Everyone knows that DNA is the building block of life—by virtue of being alive, every living creature has their own individual DNA sequence. This is where genes come from, and they have long been considered an immobile factor of traits like blue eyes, height, or even predisposition to certain diseases, but that’s all changing as genetic engineering inches closer to reality.
Simply put, genetic engineering refers to the act of manipulating, modifying, or recombining DNA in order to influence the traits of an organism. Often when people hear the term genetic engineering, they jump to imagining two 5 foot tall parents opting to have a 6 foot tall child just out of preference, but that’s not where the technology is currently being applied, or even where it’s likely leading.
Genetic engineering can be used for all sorts of applications, from modifying crop plants to correct pervasive diseases to creating a bacteria capable of synthesizing human insulin. This technology isn’t exactly new, but it’s being honed in exciting ways that could prove a major asset to the human race.
Before Tech, Silicon Valley Loved DNA
After DNA was discovered to have its characteristic double shape and subsequently synthesized in a lab in the 1950s, interest in genetic engineering exploded in the ‘60s, and Silicon Valley was the epicenter. It makes sense, given the region’s reputation for innovation and technology that its early days would have been defined by an interest in biological innovation, a technology of a different sort.
By the 1970s, scientists had achieved the first instance of recombinant DNA (a branch of genetic engineering where genes are spliced and put back together in new ways). However, potential ethical questions put a stop to further genetic engineering advancements in the ‘70s.
Later, genetic engineering became an important component of creating new vaccines, as well as insulin shots which were previously made from organic animal material. The ‘90s also saw the rise of GMOs in food, and the famous cloning of Dolly The Sheep, marking a major milestone in genetic engineering.
In 2012, CRISPR was engineered; it is a mechanism that can make incredibly precise cuts in DNA, and therefore be involved in an increasingly wide range of applications. By attacking certain sequences, CRISPR is able to fight things like cancer and obesity, which are two of the most deadly issues in the world.
This technology has also ushered in something called Gene Drives, which allow people to “cheat evolution” by biasing which genes are transmitted to offspring. In 2015, a scientist in Asia edited a human embryo’s cells to prevent a blood disease, but the experiment was considered unethical due to the fact that CRISPR hadn’t been approved for human testing.
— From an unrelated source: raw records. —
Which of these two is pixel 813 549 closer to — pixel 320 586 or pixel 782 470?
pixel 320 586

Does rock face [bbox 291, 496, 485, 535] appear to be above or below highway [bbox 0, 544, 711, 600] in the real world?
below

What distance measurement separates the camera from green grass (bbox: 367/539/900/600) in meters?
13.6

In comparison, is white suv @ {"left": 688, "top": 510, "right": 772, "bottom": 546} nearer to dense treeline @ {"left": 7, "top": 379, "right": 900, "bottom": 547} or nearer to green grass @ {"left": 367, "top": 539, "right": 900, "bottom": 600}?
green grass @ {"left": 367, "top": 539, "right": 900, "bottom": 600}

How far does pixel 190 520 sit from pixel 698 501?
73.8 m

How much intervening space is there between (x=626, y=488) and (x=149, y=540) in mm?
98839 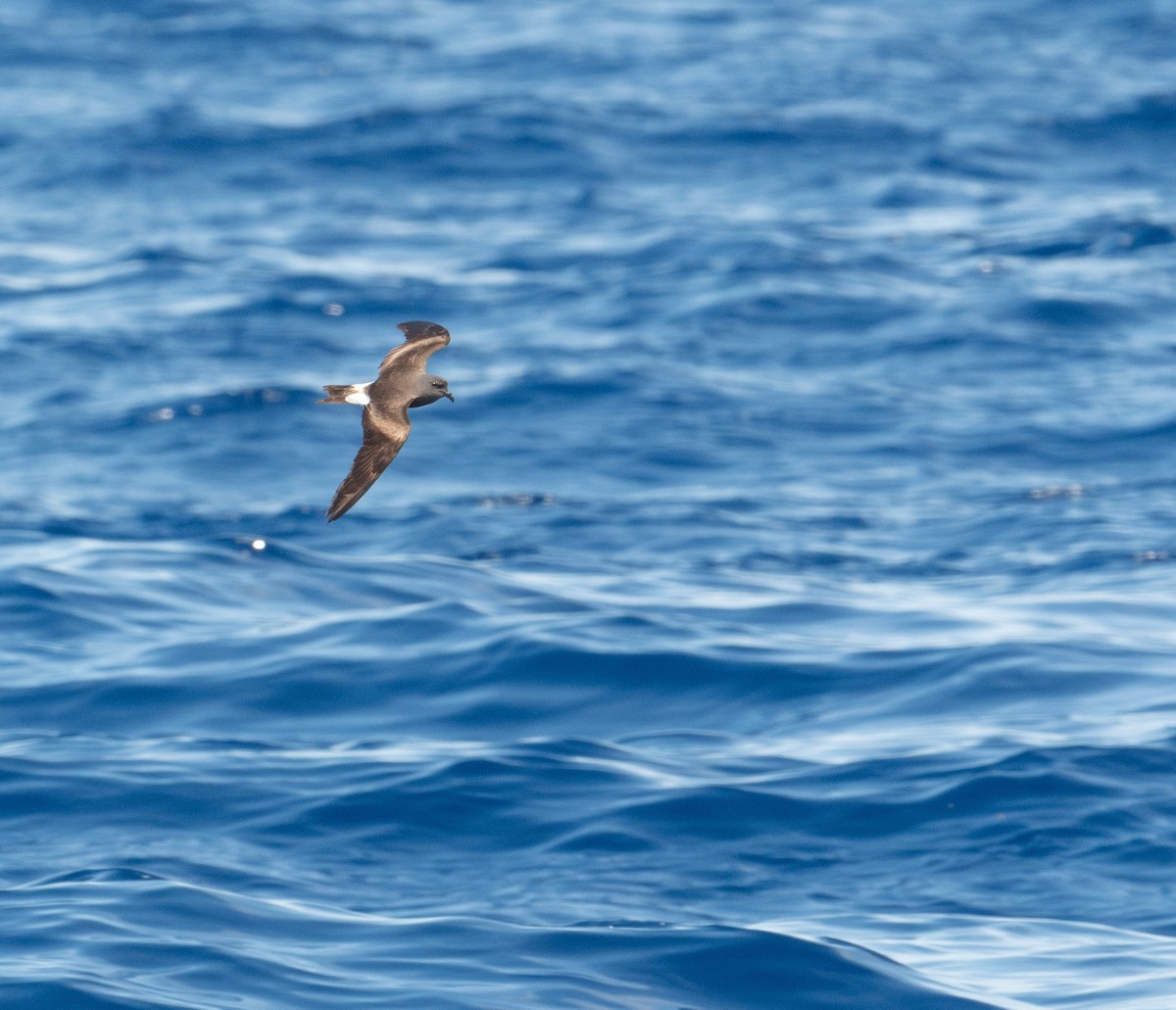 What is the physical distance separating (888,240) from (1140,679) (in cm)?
899

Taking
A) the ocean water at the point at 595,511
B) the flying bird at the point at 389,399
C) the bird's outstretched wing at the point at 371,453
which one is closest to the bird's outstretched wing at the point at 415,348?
the flying bird at the point at 389,399

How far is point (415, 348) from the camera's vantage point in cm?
669

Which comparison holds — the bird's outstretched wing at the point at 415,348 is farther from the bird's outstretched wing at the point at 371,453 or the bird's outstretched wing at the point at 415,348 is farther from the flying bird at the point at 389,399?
the bird's outstretched wing at the point at 371,453

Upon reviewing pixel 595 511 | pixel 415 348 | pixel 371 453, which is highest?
pixel 595 511

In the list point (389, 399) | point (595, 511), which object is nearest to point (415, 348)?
point (389, 399)

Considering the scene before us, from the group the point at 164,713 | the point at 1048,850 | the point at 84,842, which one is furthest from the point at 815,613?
the point at 84,842

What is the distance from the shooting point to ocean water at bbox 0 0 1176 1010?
25.8 feet

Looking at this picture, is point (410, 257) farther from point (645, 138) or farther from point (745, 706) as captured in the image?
point (745, 706)

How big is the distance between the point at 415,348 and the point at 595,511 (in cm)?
683

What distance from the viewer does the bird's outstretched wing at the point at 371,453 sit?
5762mm

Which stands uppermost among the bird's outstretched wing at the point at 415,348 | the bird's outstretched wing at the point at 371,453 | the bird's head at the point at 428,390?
the bird's outstretched wing at the point at 415,348

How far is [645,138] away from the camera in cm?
2125

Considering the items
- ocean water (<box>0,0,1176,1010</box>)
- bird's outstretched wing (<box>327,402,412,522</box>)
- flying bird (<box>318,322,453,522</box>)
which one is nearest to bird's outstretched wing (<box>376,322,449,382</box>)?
flying bird (<box>318,322,453,522</box>)

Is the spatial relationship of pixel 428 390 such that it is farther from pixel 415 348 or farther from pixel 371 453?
pixel 371 453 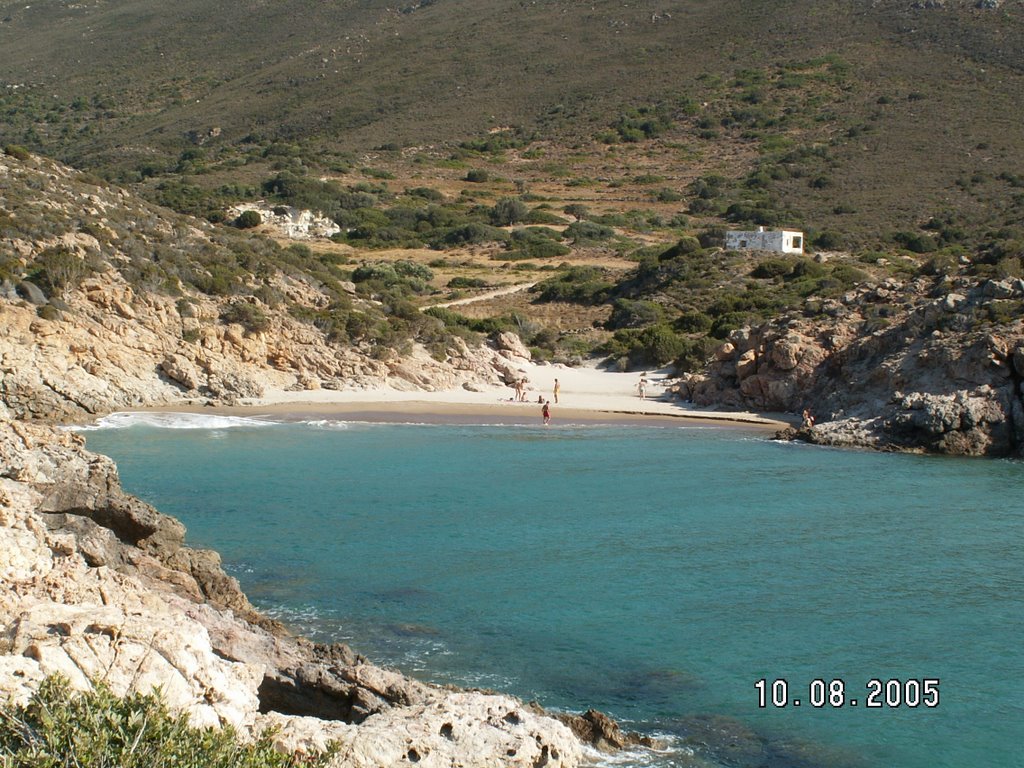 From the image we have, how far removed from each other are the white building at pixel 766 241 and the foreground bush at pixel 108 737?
1820 inches

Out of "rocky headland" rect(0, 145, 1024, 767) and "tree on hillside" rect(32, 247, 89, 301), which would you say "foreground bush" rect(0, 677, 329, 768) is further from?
"tree on hillside" rect(32, 247, 89, 301)

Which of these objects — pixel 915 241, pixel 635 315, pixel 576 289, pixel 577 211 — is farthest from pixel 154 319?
pixel 577 211

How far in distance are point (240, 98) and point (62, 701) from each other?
93358 millimetres

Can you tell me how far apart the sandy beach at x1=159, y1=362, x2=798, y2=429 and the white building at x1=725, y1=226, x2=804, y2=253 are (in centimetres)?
1816

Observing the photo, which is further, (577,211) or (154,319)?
(577,211)

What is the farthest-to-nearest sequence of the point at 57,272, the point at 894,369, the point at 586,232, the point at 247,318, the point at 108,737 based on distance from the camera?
the point at 586,232, the point at 247,318, the point at 57,272, the point at 894,369, the point at 108,737

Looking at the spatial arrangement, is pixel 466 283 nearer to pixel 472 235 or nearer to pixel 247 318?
pixel 472 235

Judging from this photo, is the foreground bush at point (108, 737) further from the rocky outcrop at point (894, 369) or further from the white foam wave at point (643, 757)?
the rocky outcrop at point (894, 369)

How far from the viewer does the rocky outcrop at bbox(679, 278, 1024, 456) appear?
23.9m

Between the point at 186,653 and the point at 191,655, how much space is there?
0.04 metres

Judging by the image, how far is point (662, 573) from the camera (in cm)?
1347

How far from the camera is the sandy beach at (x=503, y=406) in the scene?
92.1ft

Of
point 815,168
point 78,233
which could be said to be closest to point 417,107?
point 815,168

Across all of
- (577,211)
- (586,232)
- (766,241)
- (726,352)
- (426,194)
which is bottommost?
(726,352) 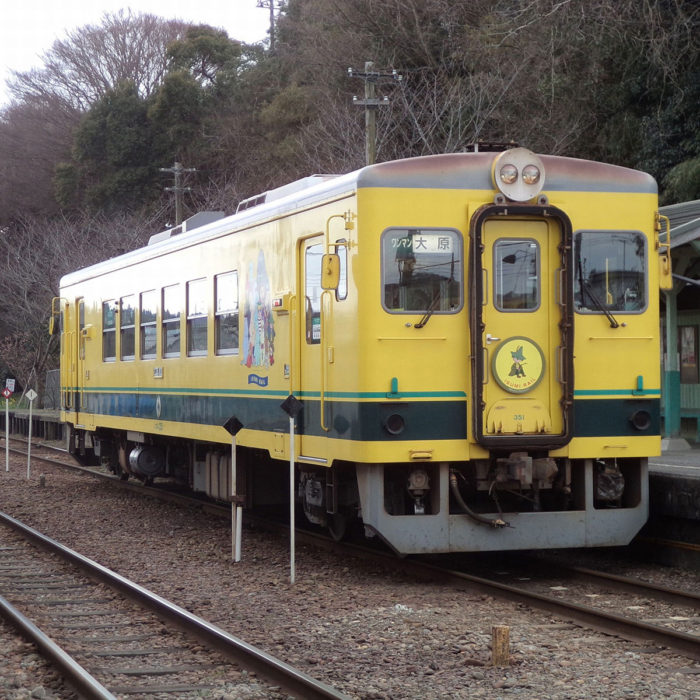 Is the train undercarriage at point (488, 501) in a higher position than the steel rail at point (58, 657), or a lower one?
higher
In 2017, a genetic engineering treatment was approved as an alternative to chemo for certain types of cancer, and in 2018 CRISPR testing for humans was approved. There’s a great deal of work left to be done in the field of genome editing before it’s commonplace.
Genetic engineering has long been a pop culture interest in one form or another. From designer babies in Aldous Huxley’s “Brave New World” to mutant-gene superheroes in X-Men, the idea of genetic engineering is nothing new in the public psyche.
As technology grows, genetic engineering may prove one of the most important developments to the world of healthcare in human history.